Love from a Stranger (Trafalgar). Adapted from a play by Frank Vosper (who last month disappeared in mid-ocean), this film investigates the prelude to a quiet murder in a British country house. The afternoon she advertises her flat for rent because she has just won first prize in a Paris lottery, Carol Howard (Ann Harding) receives a prospective tenant in the person of Gerald Lovell (Basil Rathbone), whose worldly manners soon so charm her that she marries him. After a gay honeymoon in Paris, they settle down together in a Kentish cottage, paid for with funds which Gerald has borrowed from his wife. Life in the cottage is idyllic until one day Carol chances to open the door into the cellar darkroom where Gerald practices his hobby of photography.
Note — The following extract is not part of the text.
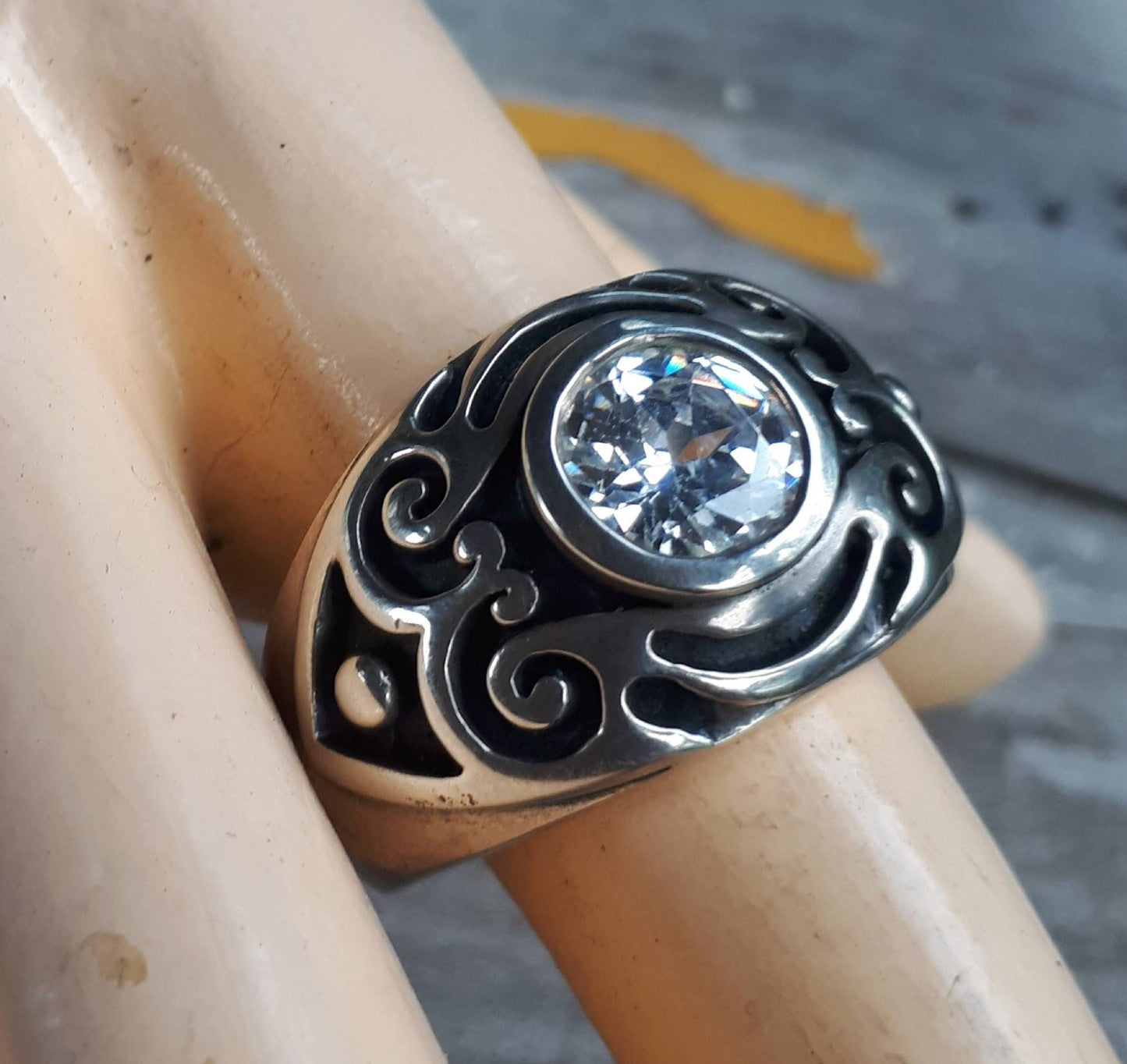 Wide mens cz stone silver ring,sterling silver, chunky band set with cubic zirconia,undress ring,signet ,tribal,vintage,boho,scroll,hipster,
After the storm of rage which her visit provokes, audiences are not totally unprepared for the shock which comes to Carol when, examining a book about famous unsolved crimes, she recognizes her husband's face under a fringe of sandy whiskers in the portrait of a man who has killed three women by marrying them and luring them to cozy country pieds-`a-terre. Or for what ensues when Gerald invites Carol to come downstairs and help him tidy up the darkroom.
U. S. audiences, long accustomed to enduring without means of retaliation her displays of smug feminine understanding, may derive sneaking, sadistic satisfaction from the fate that overtakes Ann Harding in this picture. Otherwise its excellence is impaired when, in an attempt to achieve a horrifying contrast with the subdued tone of earlier sequences, Director Frank Lee permits his cast to overact the climax with some of the wildest grimacing witnessed since the screen became articulate. Good shot: Gerald excusing himself in a Paris cabaret to pick out his favorite brandy, in the cellar.